Deuteronomy 18:15-20. Surrounded by many nations who practiced witchcraft, consulted mediums, or cast fortunes in various ways, Moses reminds the people of Israel that the Lord raises up prophets to guide them, just as Moses himself was led by God to guide Israel. God takes the initiative and provides true spiritual leadership to his people, in contrast to people taking the initiative through various human methods and practices. And woe to those who abuse the calling of God!
Mark 1:21-28: Mark begins the story of Jesus’ life and ministry with the authority that was seen in his teaching, and the power to heal and free people from unclean forces (spirits). The unclean spirits know who Jesus is – the Holy One of God – but he is not ready for his ministry to “get political” and so silences them.
1 Corinthians 8:1-13. Paul takes on the controversy in this community over food that has been offered in non-Christian idol worship. “Strong” Christians, who know that idols are nothing, felt free to eat as they chose. Paul however, challenges their lack of love for their “weaker” brothers and sisters who are troubled by the practice. Far more important than “knowing better” and upsetting others, is love that considers how to build up and bear with others who may be weak. Paul refuses to eat in a controversial way that gives unnecessary harm to the less well informed conscience of these weaker believers.

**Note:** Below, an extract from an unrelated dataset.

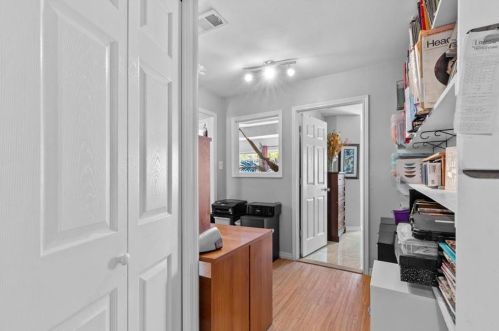 6908 Cherrydale Dr, Austin TX 78745-5344 exterior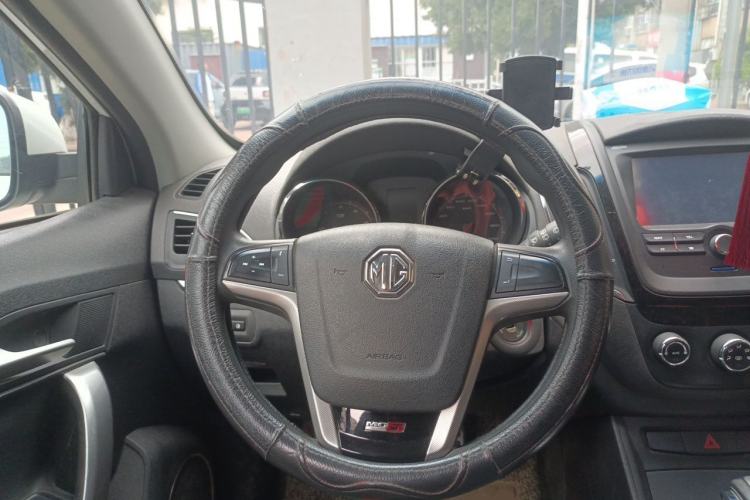 Used MG 5 2014 1.5T Automatic Luxury Model Steering Wheel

Comment: The people hearing Jesus recognized in him an authority that was qualitatively different from the scholars and religious leaders of their time. Mark’s gospel makes clear there is one place and person to whom we should go – the one who has authority from God to teach, heal, and save – Jesus, the Holy One of God. It is easy for me to say, “Jesus is my Lord,” and say he is the authority for my life. But how do I work this out every day? How does my life show this? I know that I need to place myself, and then “re-place” myself under the authority of Jesus Christ, again and again, more and more deeply, day after day! If I really do this, it should be evident to the people around me.